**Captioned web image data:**
━━━━━━━━━━━━━━━━━━━━
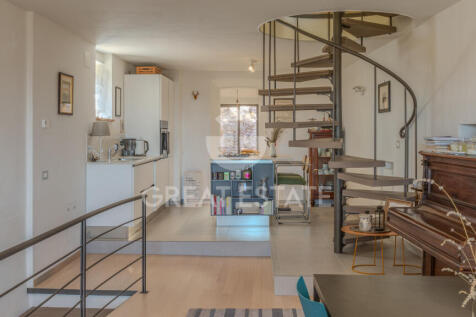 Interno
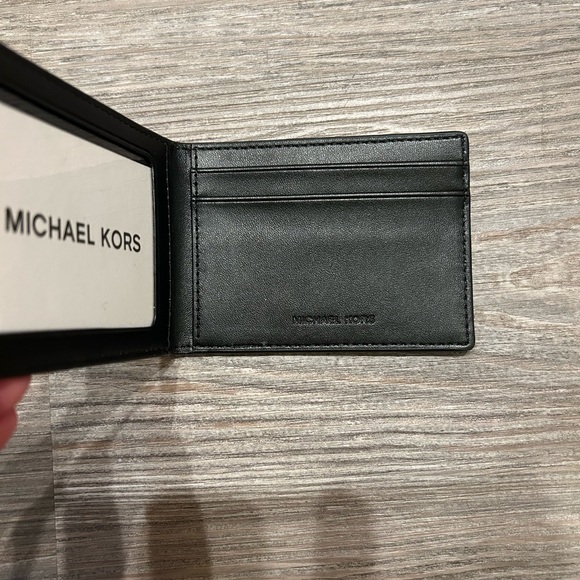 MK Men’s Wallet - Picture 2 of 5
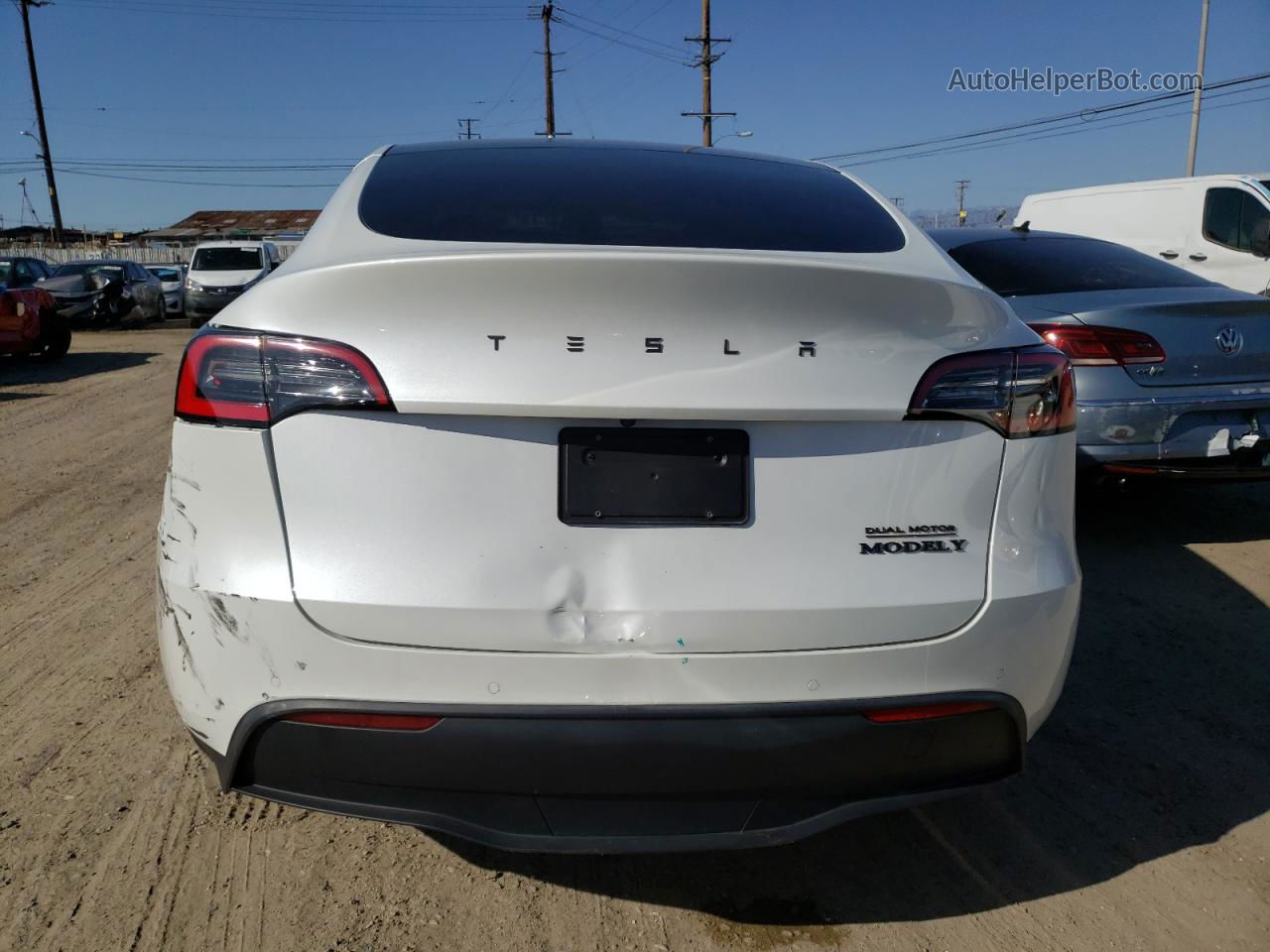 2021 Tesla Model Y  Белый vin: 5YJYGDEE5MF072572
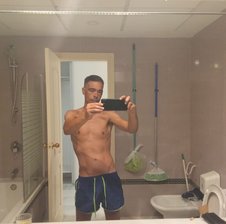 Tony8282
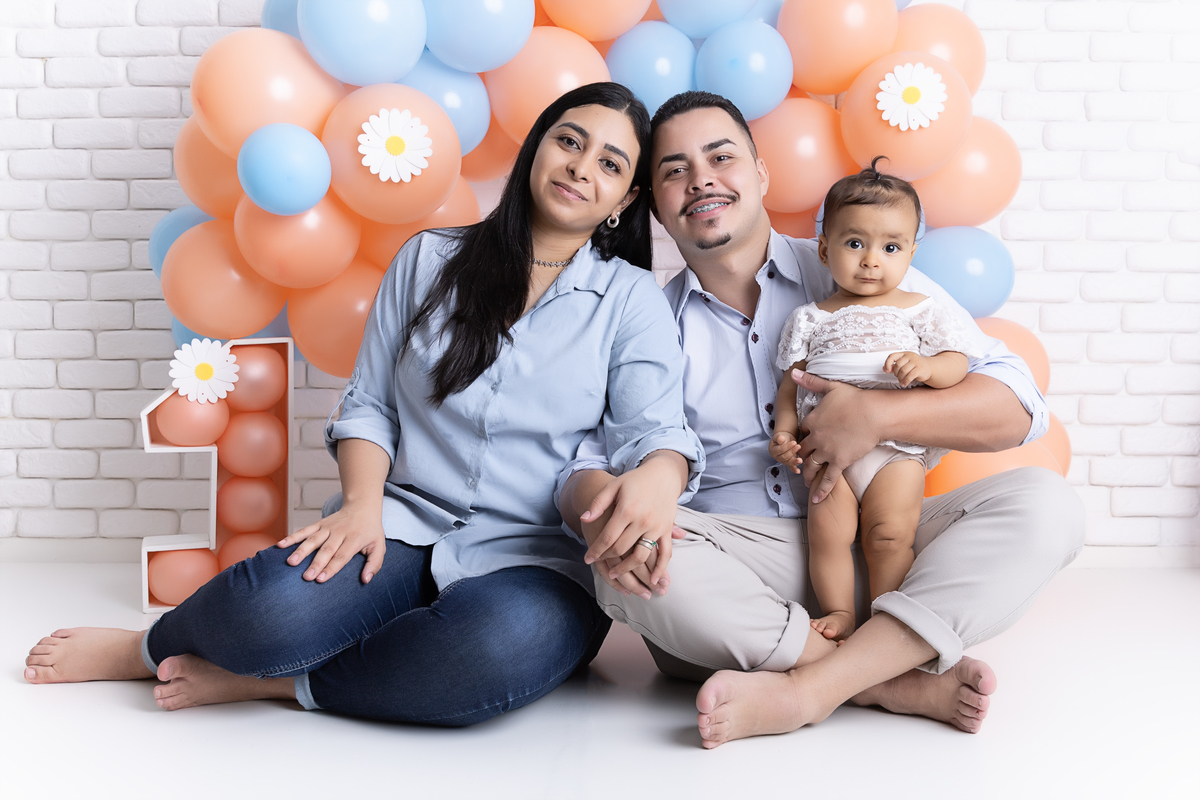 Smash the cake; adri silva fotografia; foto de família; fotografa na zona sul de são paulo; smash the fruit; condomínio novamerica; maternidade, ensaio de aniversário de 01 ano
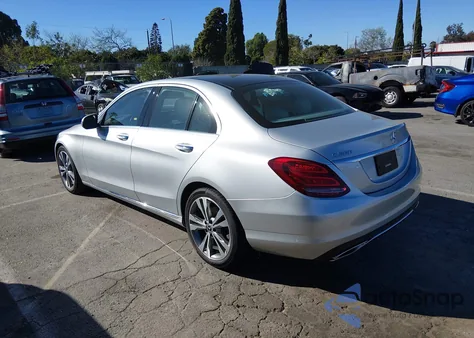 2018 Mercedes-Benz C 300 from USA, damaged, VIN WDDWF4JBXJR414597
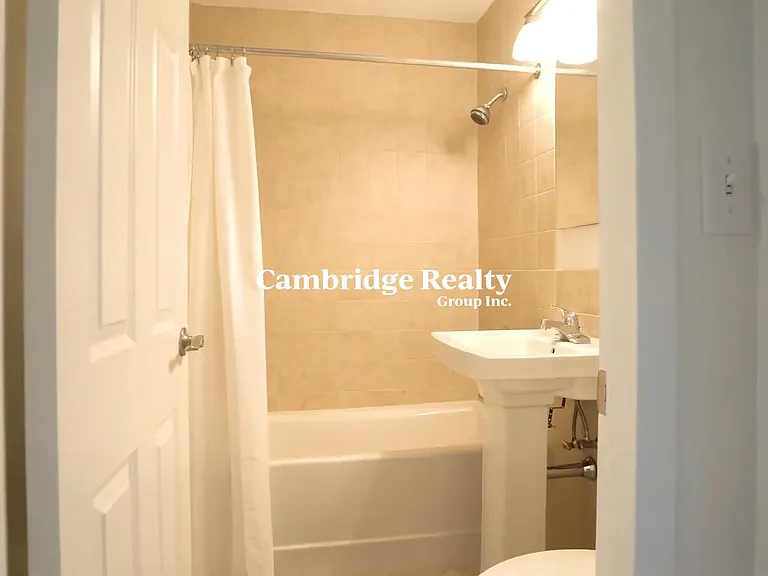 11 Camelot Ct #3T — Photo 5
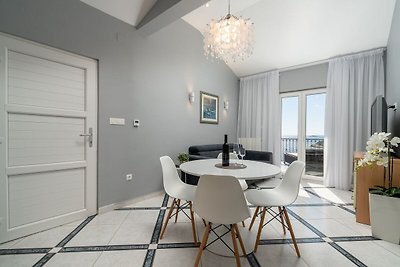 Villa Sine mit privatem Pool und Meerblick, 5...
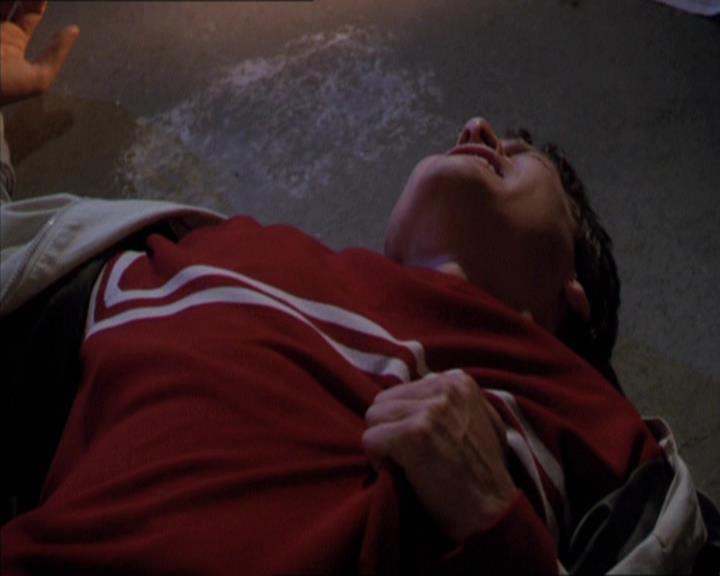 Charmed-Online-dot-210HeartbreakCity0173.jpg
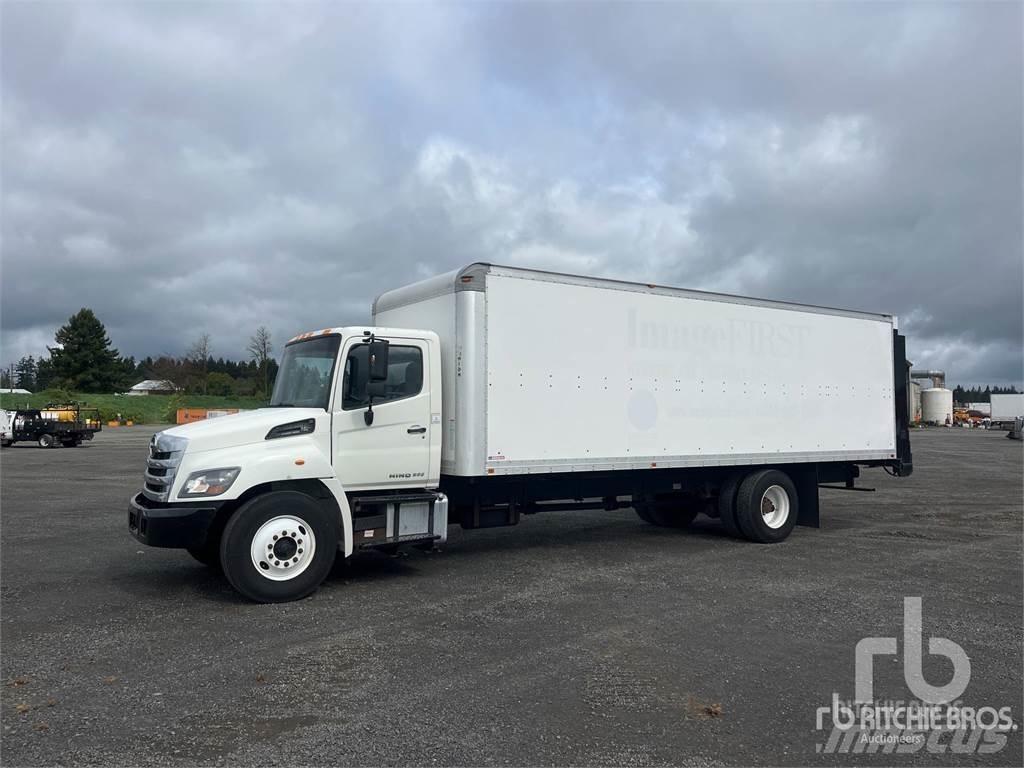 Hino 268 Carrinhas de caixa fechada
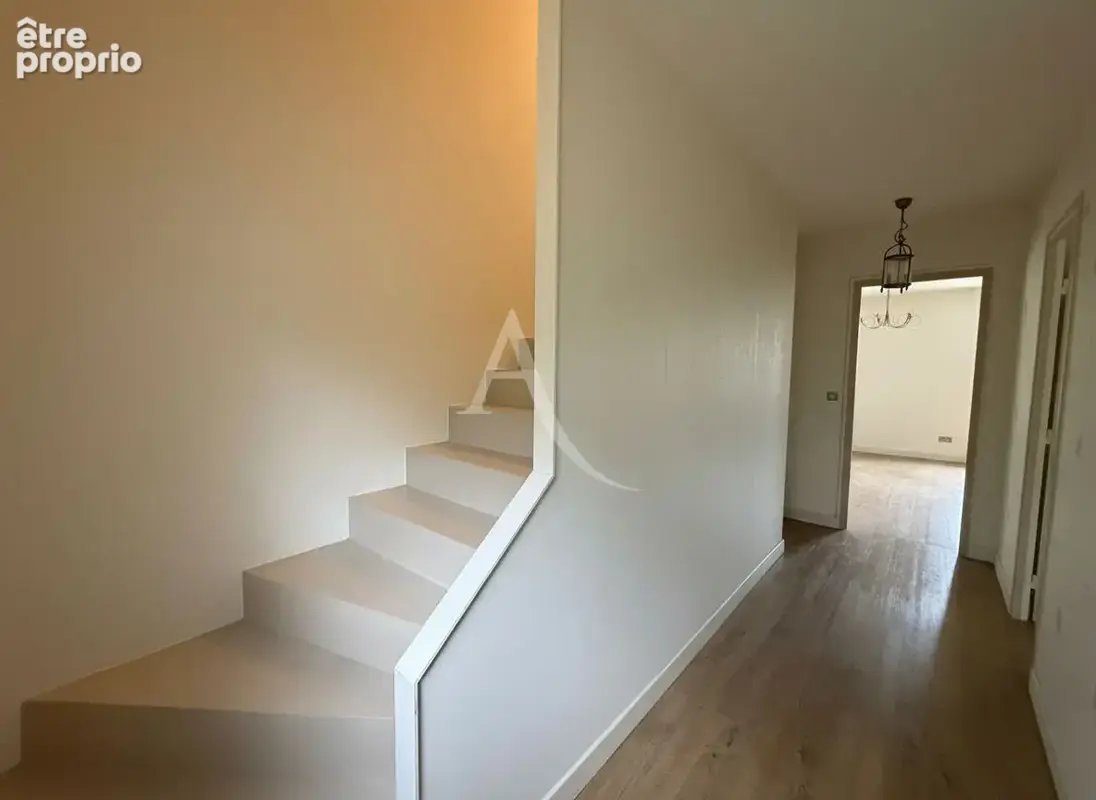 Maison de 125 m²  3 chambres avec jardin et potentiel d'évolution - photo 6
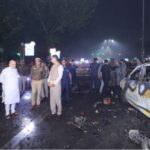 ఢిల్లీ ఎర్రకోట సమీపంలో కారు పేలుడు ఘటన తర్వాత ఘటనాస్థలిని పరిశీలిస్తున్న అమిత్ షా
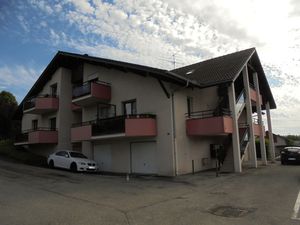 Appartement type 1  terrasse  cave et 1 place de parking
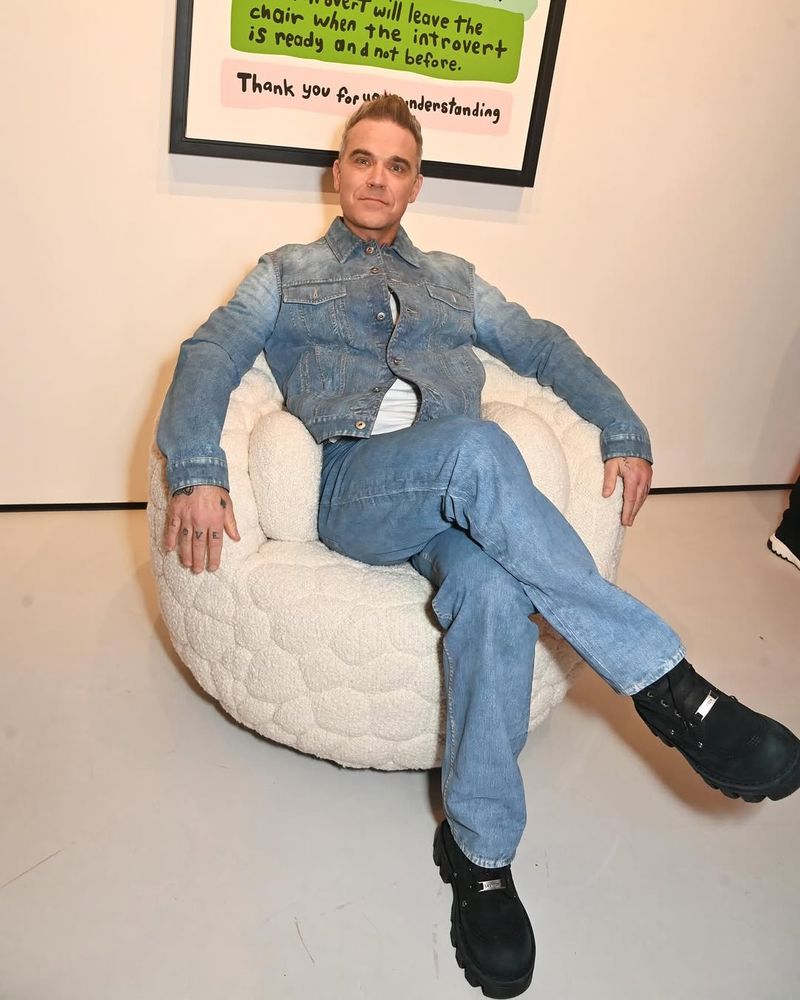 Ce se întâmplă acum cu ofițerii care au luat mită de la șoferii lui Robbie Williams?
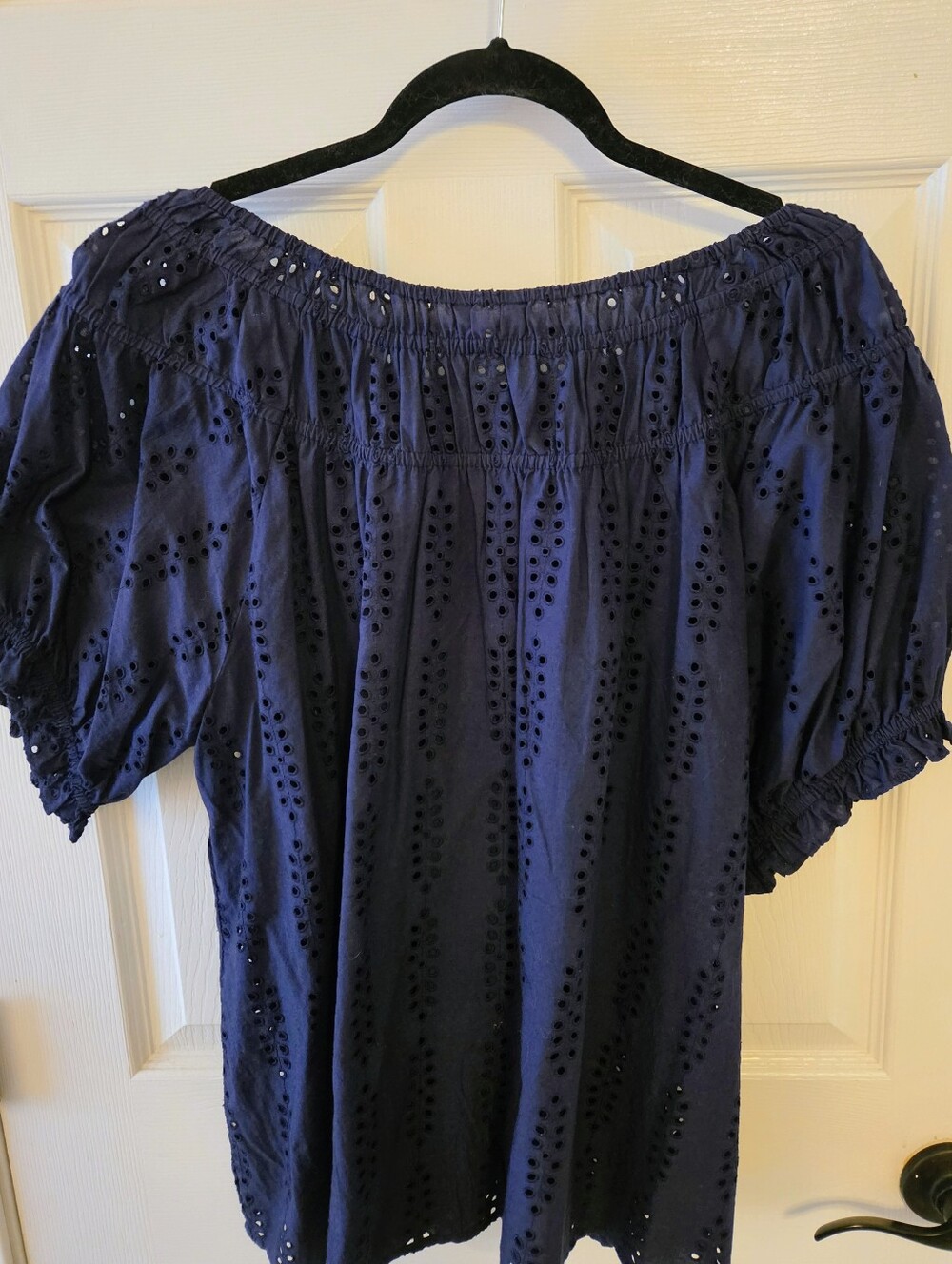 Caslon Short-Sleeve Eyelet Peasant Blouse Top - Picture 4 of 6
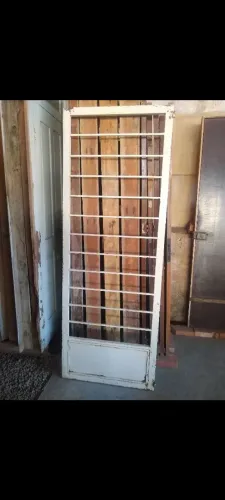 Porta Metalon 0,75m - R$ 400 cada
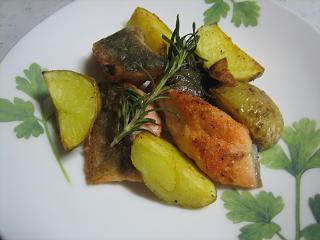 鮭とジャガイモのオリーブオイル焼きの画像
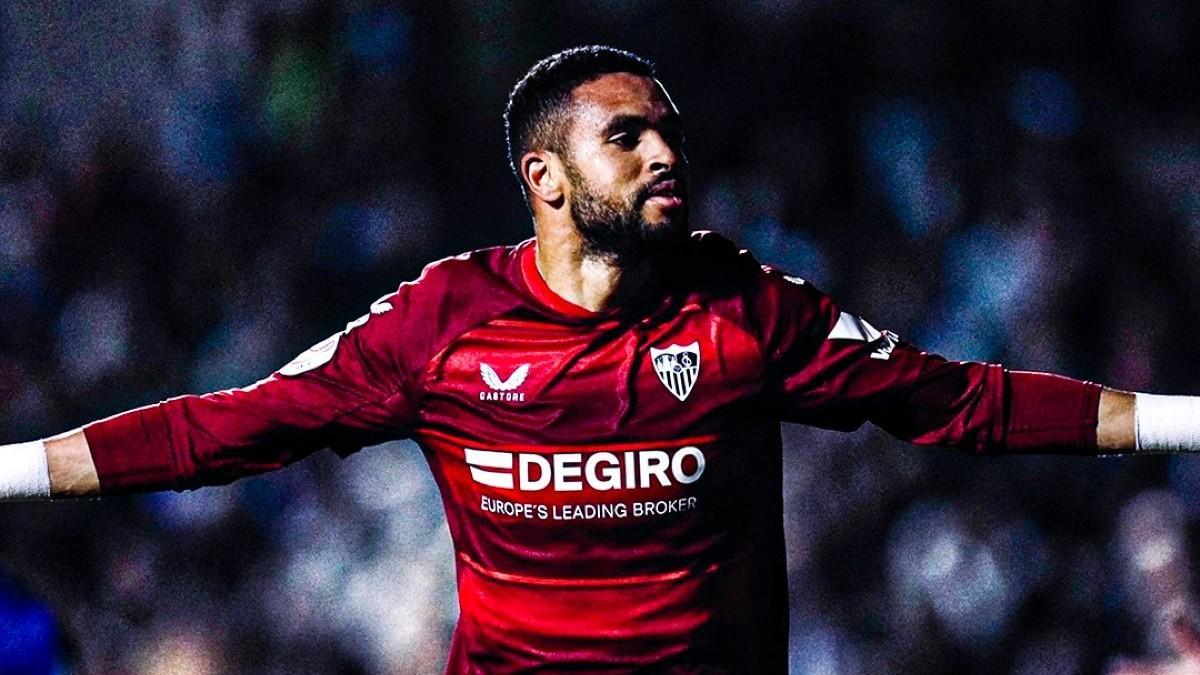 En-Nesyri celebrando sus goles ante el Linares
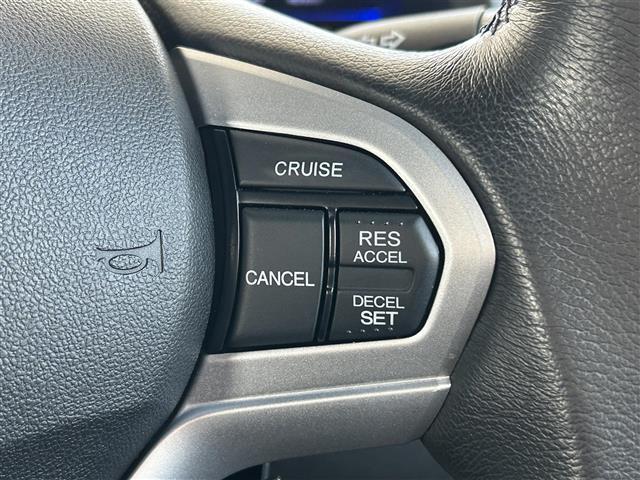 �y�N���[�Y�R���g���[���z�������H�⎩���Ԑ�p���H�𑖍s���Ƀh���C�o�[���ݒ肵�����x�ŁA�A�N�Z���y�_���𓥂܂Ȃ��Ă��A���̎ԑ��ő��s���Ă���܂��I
━━━━━━━━━━━━━━━━━━━━
**Required action:**
Skip every picture and return the lines above from the top through the one that contains "ఢిల్లీ ఎర్రకోట సమీపంలో".

**Answer space:**
 Interno
 MK Men’s Wallet - Picture 2 of 5
 2021 Tesla Model Y  Белый vin: 5YJYGDEE5MF072572
 Tony8282
 Smash the cake; adri silva fotografia; foto de família; fotografa na zona sul de são paulo; smash the fruit; condomínio novamerica; maternidade, ensaio de aniversário de 01 ano
 2018 Mercedes-Benz C 300 from USA, damaged, VIN WDDWF4JBXJR414597
 11 Camelot Ct #3T — Photo 5
 Villa Sine mit privatem Pool und Meerblick, 5...
 Charmed-Online-dot-210HeartbreakCity0173.jpg
 Hino 268 Carrinhas de caixa fechada
 Maison de 125 m²  3 chambres avec jardin et potentiel d'évolution - photo 6
 ఢిల్లీ ఎర్రకోట సమీపంలో కారు పేలుడు ఘటన తర్వాత ఘటనాస్థలిని పరిశీలిస్తున్న అమిత్ షా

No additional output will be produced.